HUMANITIES FORUM LECTURE SERIES FALL 2009

 

Featuring:  A Series of Five Lectures and Panels Commemorating the 50th Anniversary of

C.P. Snow’s “Two Cultures” Lecture

Sponsored by UMBC’s  Dresher Center for the Humanities, the Human Context of Science and Technology Program

and the Social Sciences Forum 

 

Fifty years ago, on May 7, 1959, the scientist-novelist C.P. Snow (1905-1972) delivered his famous Rede Lecture at Cambridge University. Published as The Two Cultures and the Scientific Revolution Snow identified a deep and dangerous divide between the sciences and the humanities. As a research chemist and physicist who became deeply involved in the mobilization of scientific personnel first during the Second World War and then throughout the 1950s Cold War, C.P. Snow could speak with some authority about science and its applications.  As a novelist with more than a dozen titles and the author of numerous essays and reviews, Snow was equally at home in the humanities. This series of lectures is intended to stimulate further discussion about the relationships between the sciences and the humanities.

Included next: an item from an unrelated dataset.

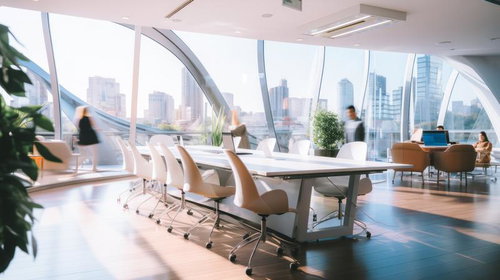 自然光が差し込む高層オフィスのデスクと都市景観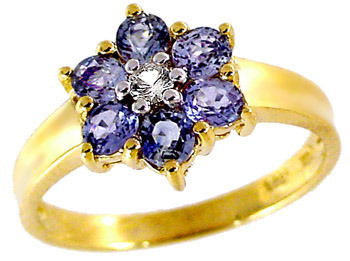 1.15ct Sapphire & white Sapphire flower ring: LOW LOW BUYERS PREMIUM (10% upto $499, 8% for $500 and up) NO RESERVE AUCTION! BIDDING STARTS AT $10! This elegant ring features bright clean pastel baby blue Sapphires set in a flower motif with a W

9/30/09   4 p.m.  AOK Library 7th Floor 

C.P. Snow's “The Two Cultures”: A Fifty Year Perspective 

G. Rickey Welch, Professor & Joseph N. Tatarewicz, Associate Professor and Director, Human Context of Science & Technology Program, UMBC 

In 1959 the scientist-novelist C.P. Snow (1905-1972) delivered his famous Rede Lecture at Cambridge, published as The Two Cultures and the Scientific Revolution. His identification of a deep and dangerous divide between the sciences and the humanities has persisted, evoked more recently in the "culture wars" and "science wars." UMBC Professors Welch and Tatarewicz look at Snow, his historical context, and his enduring influence.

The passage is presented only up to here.